• Required work: Only one stretch of lines is wanted: the line with "Front Lower Suspension" through the final line of the material. Restate it word for word, minus pictures.

• Given data:
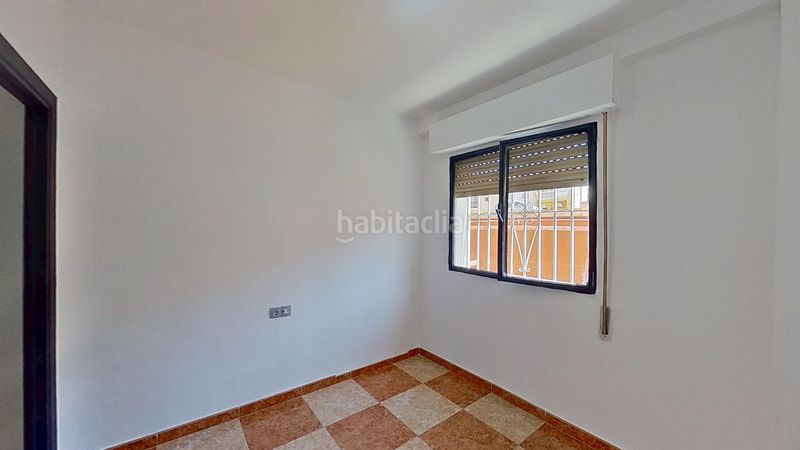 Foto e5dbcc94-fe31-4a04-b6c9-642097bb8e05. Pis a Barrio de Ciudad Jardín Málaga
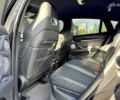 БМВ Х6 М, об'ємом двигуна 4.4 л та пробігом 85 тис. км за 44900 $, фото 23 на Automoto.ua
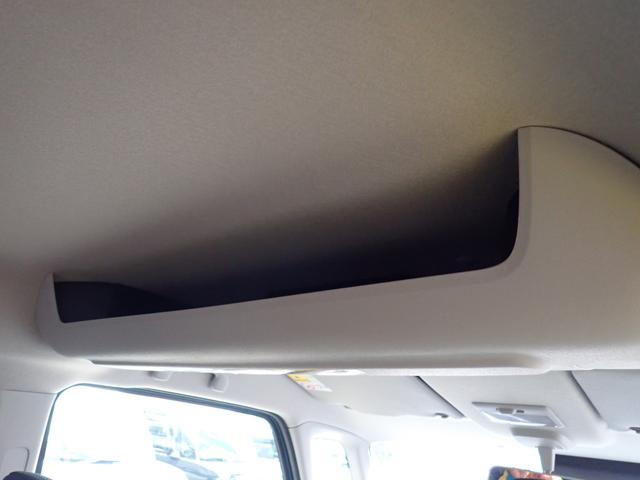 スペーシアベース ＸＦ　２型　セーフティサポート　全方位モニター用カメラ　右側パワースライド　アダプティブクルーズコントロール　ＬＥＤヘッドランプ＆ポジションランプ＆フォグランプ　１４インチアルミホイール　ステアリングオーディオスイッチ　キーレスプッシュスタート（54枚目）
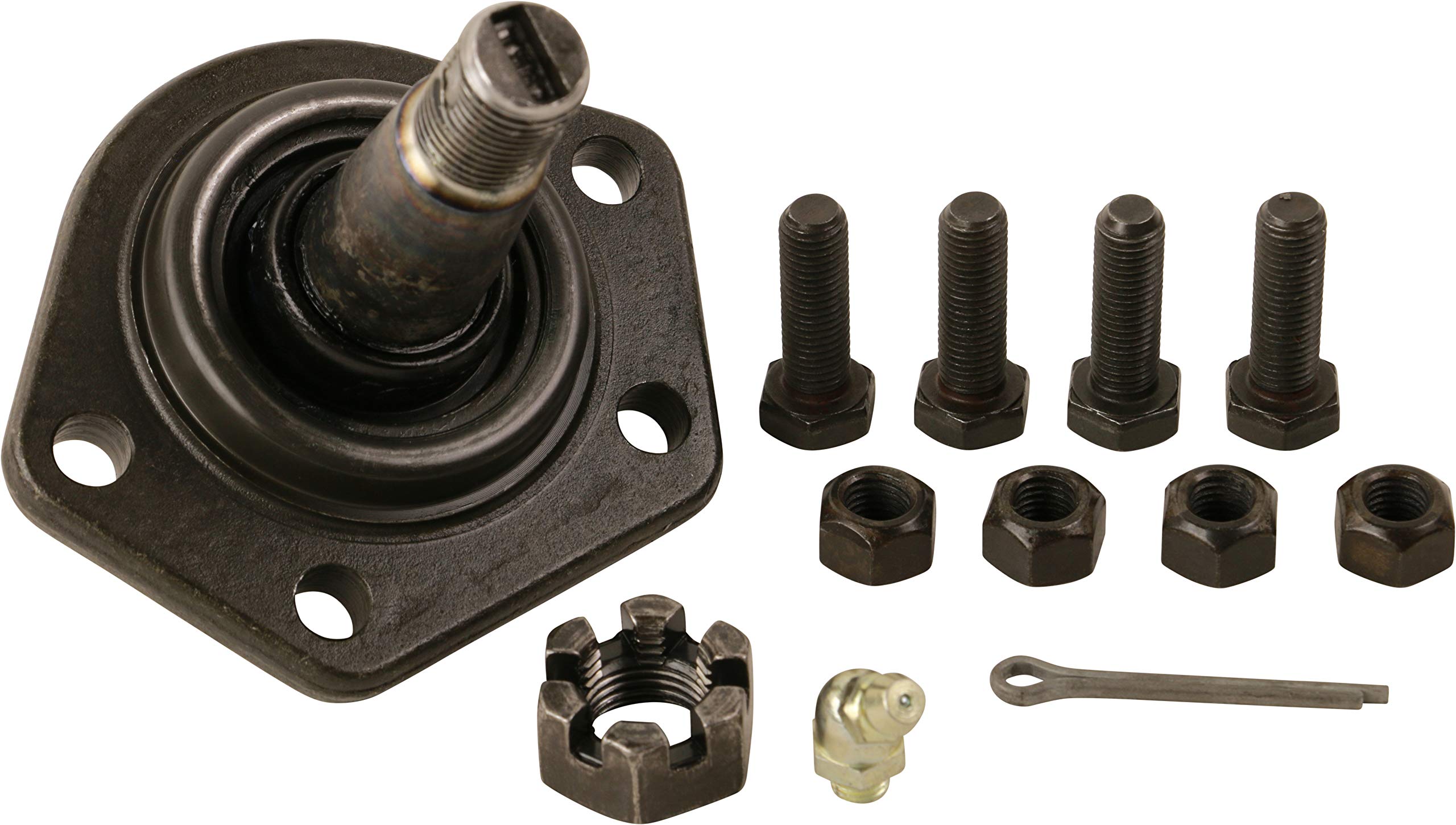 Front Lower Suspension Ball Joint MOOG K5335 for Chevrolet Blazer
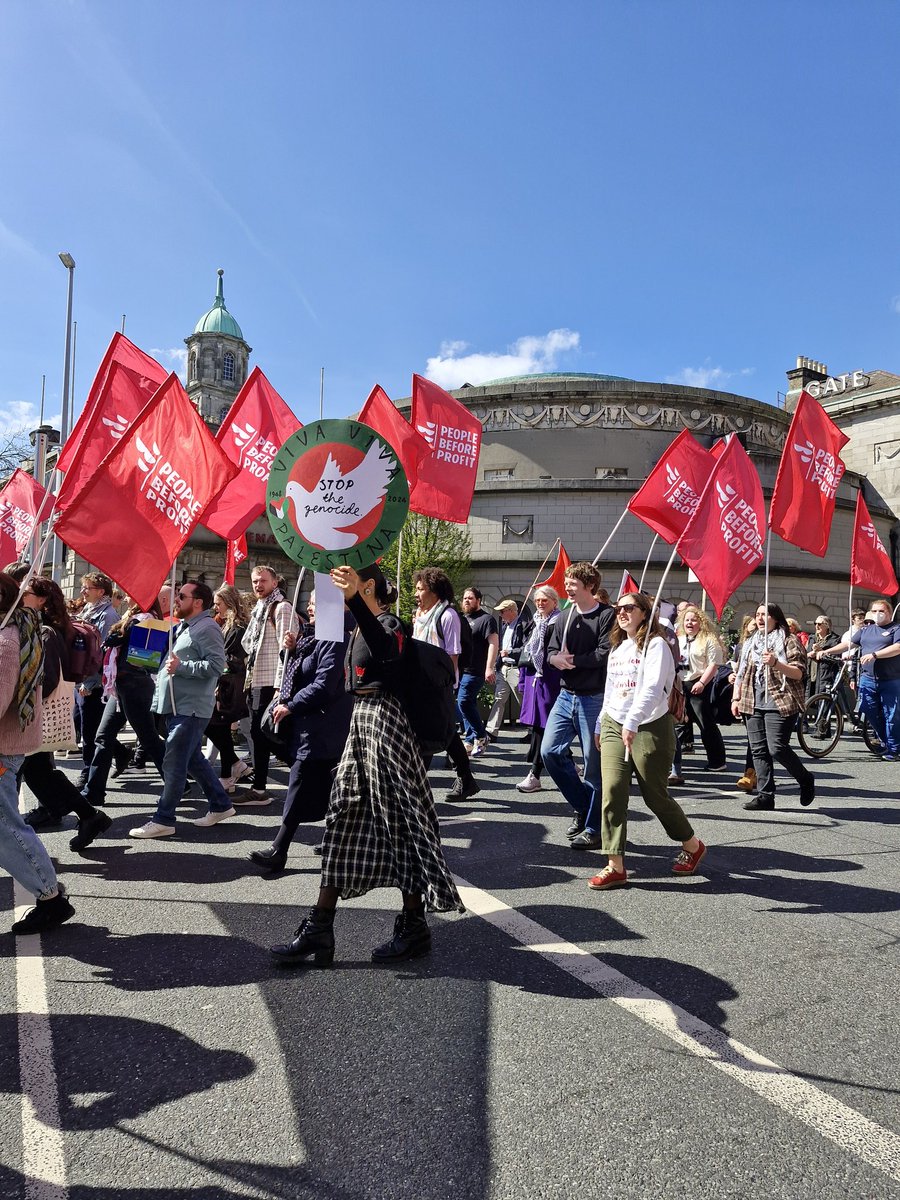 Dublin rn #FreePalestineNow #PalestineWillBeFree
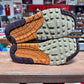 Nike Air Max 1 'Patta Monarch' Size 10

• Your response:
 Front Lower Suspension Ball Joint MOOG K5335 for Chevrolet Blazer
 Dublin rn #FreePalestineNow #PalestineWillBeFree
 Nike Air Max 1 'Patta Monarch' Size 10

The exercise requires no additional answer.